Guillaume Canaud © Inserm/François Guénet
Guillaume Canaud, unité 1151 Inserm/CNRS/Université Paris-Cité, Institut Necker-Enfants malades, Paris © Inserm/François Guénet

Converti aux maladies rares

Voilà une belle histoire. Celle d’un chercheur Inserm qui a entraîné son équipe dans la découverte inopinée d’un traitement pour des personnes atteintes d’une maladie rare redoutable. Ce chercheur, c’est Guillaume Canaud, néphrologue de formation et docteur en sciences. Après ses études de médecine et un postdoctorat à Boston, il s’installe à l’hôpital Necker en tant que maître de conférences des universités-praticien hospitalier. Il y reçoit des patients atteints de maladies rénales et y crée son équipe de recherche Inserm grâce à une bourse du Conseil européen de la recherche (ERC) d’un million et demi d’euros. Il se destine à l’exploration d’une voie moléculaire dysfonctionnelle dans l’insuffisance rénale chronique qui implique une protéine, PIK3CA, et le gène qui lui correspond. « Ce projet était dans la continuation de mes premières recherches effectuées en thèse et en postdoctorat. Mais un jour de 2015, un évènement a rebattu les cartes. » Le néphrologue reçoit alors en consultation un jeune homme de 27 ans qui souffre d’une insuffisance rénale chronique doublée d’une maladie rare, le syndrome de Cloves, responsable d’excroissances sur différents organes et tissus. Très sévèrement atteint, son pronostic vital est sombre.

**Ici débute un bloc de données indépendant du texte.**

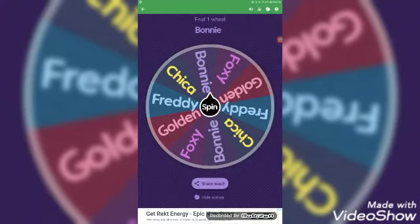We're going to be drawing Bonnie! Okay, let's start the speedpaint.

Le patient qui a tout changé

« Cette rencontre m’a ébranlée. Je voulais agir pour ce patient. Je suis rentré au laboratoire et ai fait des recherches sur ce syndrome. » Guillaume Canaud découvre qu’il est justement lié à une mutation dans le gène de la protéine PIK3CA. Il pense qu’inhiber celle-ci chez le patient pourrait améliorer son pronostic. Il se rapproche alors d’un laboratoire pharmaceutique qui développe un inhibiteur de PIK3CA dans le domaine de la cancérologie. Il obtient ainsi de haute lutte, auprès du laboratoire et de l’agence française du médicament, un accès compassionnel à la molécule, qui semble représenter la seule solution thérapeutique : il va pouvoir la tester même si elle n’est pas prévue pour cette pathologie.

En parallèle, il réoriente les recherches de son équipe sur ce syndrome de Cloves. « Nous avons développé un modèle murin qui mime les symptômes de ce patient pour étudier la formation des excroissances, les mécanismes physiopathologiques, et décrire l’ensemble des manifestions. Finalement la bourse de l’ERC a servi à cela ! » L’équipe publie rapidement des premiers résultats et la santé du jeune patient s’améliore.

Dépasser le cadre compassionnel

Rapidement, une cinquantaine de patients se rend à l’hôpital Necker et demande à bénéficier du traitement. Et près de 3 000 malades et médecins dans le monde contactent l’équipe pour avoir des informations sur la maladie et cette innovation thérapeutique. Guillaume Canaud décide d’interrompre ses consultations de néphrologie pour prendre en charge des personnes atteintes d’un syndrome de Cloves ou de maladies apparentées. « Avec mon équipe nous avons découvert d’autres mutations, développé de nouveaux modèles animaux, documenté un grand nombre de cas, et planchons sur d’autres repositionnements de médicaments comme ce fut le cas pour cet inhibiteur de PIK3CA. »

Dans le même temps, Guillaume Canaud œuvre, avec d’autres collaborateurs, auprès des agences américaine et européenne du médicament pour faire approuver ce traitement chez les personnes atteintes du syndrome de Cloves et de troubles apparentés. La première octroie cette autorisation en 2022 grâce aux données collectées en vie réelle auprès de 57 cas, dont 44 traités à Necker. La seconde exige une étude clinique contrôlée contre placebo, qui est en cours, mais accepte de poursuivre la délivrance du médicament à titre compassionnel.

Ce médicament est désormais considéré comme le premier et unique traitement dans cette indication. « Je suis la partie visible de l’iceberg mais c’est grâce à toute l’équipe et au soutien de l’Inserm que nous sommes parvenus à cette avancée majeure pour les patients, et c’est tous ensemble que nous recevons avec joie ce Prix Innovation. » Fort de cette expérience, Guillaume Canaud a été choisi en 2023 par le gouvernement pour copiloter le 4e plan national sur les maladies rares.